La apertura y la visión de futuro chocan con las tendencias cantonalistas de vuelta al terruño de la patria chica, a la parcelación pueblerina, al levantamiento de barreras excluyentes frente a quienes no son iguales. Un ciudadano ilustrado de España, al preguntarle sobre su nacionalidad, debería responder sin dudarlo: soy español y europeo. ¿O es que tendremos que plantearnos nuevamente el concepto de nuestra identidad nacional, volver a definir lo que es la patria o la nación, asfixiados por lo que hasta hace poco eran regionalismos, justo cuando estamos en una era que nos estimula a la formación de realidades posnacionales? Nuestro futuro es una España compacta dentro de una Europa unida: una identidad española esencialmente europea. Es decir, una ambivalencia a la vez complementaria y enriquecedo-ra. A la larga, mucho más provechosa que las identidades políticas excluyentes basadas en resentimientos, angustias, miedos e in-certidumbres. Trocear territorios para erigir estados minúsculos es apostar por la insignificancia. Hay que abrirse a los demás con tolerancia y largueza, convirtiendo lo otro en parte sustancial de uno mismo.
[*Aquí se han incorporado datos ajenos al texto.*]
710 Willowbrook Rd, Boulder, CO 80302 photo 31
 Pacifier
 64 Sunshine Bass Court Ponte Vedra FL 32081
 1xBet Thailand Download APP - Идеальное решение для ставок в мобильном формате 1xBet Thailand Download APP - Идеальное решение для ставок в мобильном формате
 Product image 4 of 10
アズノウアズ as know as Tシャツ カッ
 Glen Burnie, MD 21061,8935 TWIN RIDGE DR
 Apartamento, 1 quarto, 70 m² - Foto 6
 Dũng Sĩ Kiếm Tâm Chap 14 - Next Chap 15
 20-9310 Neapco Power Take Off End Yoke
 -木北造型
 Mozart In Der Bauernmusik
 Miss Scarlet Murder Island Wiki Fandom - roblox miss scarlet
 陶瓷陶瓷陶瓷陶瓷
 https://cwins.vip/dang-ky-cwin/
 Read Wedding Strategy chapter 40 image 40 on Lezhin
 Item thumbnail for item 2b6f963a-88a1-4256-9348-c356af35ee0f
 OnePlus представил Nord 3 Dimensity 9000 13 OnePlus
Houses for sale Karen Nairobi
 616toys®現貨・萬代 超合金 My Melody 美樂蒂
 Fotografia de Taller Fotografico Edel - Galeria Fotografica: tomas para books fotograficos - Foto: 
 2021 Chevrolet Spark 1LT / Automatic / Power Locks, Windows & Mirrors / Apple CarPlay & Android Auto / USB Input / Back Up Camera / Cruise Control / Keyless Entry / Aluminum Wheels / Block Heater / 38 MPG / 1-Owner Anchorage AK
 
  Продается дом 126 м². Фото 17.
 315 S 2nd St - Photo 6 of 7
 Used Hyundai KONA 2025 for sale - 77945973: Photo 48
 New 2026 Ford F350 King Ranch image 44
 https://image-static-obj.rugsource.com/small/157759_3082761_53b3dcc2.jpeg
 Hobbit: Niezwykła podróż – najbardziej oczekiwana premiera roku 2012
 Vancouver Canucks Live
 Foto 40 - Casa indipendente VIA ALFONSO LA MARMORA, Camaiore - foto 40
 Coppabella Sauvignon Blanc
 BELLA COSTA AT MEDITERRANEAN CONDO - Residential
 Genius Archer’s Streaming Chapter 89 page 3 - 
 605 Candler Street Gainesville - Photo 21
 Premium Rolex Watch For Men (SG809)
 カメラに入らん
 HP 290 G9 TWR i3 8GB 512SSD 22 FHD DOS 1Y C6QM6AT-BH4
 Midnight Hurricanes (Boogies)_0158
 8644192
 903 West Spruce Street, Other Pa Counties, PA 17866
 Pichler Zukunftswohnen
La suma de personas y territorios ya existentes en Europa reforzará su unidad y potencial político y económico. Aunque la Unión Europea no funcione aún al cien por cien, la idea no deja de ser una visión maravillosa, en contra de lo que quieren inculcar a la gente los populismos demagógicos tan en boga, aprovechándose de las estrecheces económicas. Por eso ser español es abrirse a lo novedoso, a la ecología, a la informática y, en definitiva, a la potencia económica dentro de la equidad y la justicia social. ¿Y dónde se aplican más esos valores que en Europa? El concepto de España debe ser estratégico y evolutivo, una empresa mutante de porvenir, un pedazo territorial y social para contribuir a la edificación de un gran estado continente. Así como una utopía para legar a nuestros descendientes.

José Luis Martín Cárdaba, periodista y diplomático.